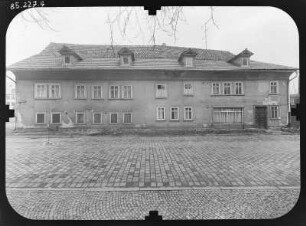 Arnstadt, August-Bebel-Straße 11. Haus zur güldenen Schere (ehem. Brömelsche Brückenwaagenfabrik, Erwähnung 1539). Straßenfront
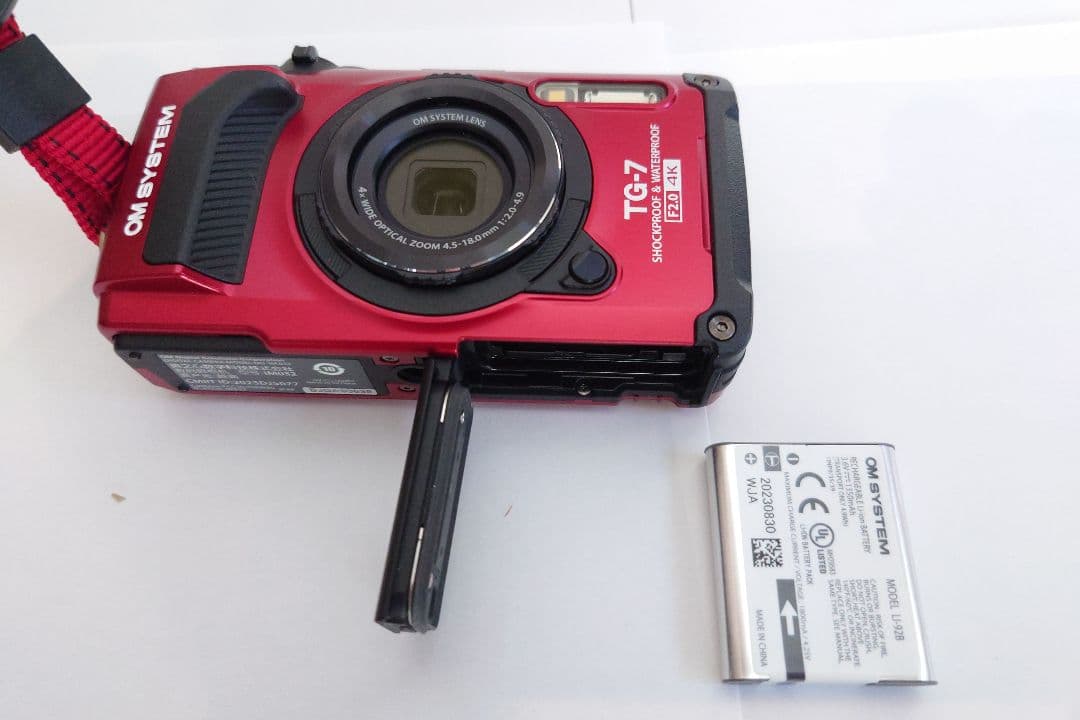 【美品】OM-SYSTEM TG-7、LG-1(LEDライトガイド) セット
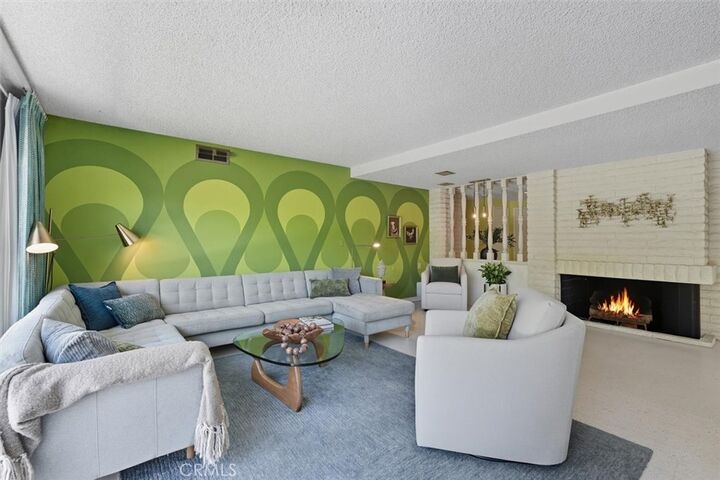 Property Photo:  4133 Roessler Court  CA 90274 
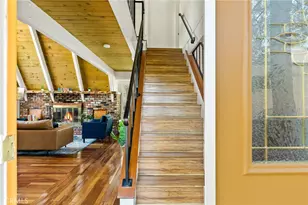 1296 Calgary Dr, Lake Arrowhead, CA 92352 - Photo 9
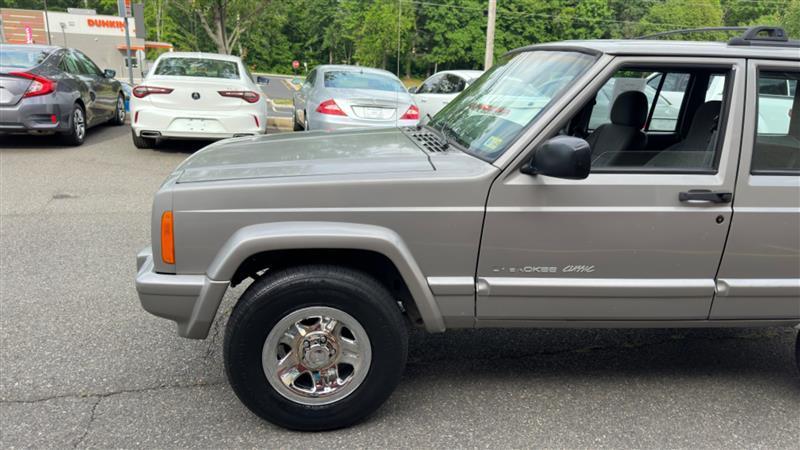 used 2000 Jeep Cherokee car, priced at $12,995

■ Problem to solve
Where the material above includes pictures, omit them and retype everything else exactly.

■ Answer to the exercise
 Arnstadt, August-Bebel-Straße 11. Haus zur güldenen Schere (ehem. Brömelsche Brückenwaagenfabrik, Erwähnung 1539). Straßenfront
 【美品】OM-SYSTEM TG-7、LG-1(LEDライトガイド) セット
 Property Photo:  4133 Roessler Court  CA 90274 
 1296 Calgary Dr, Lake Arrowhead, CA 92352 - Photo 9
 used 2000 Jeep Cherokee car, priced at $12,995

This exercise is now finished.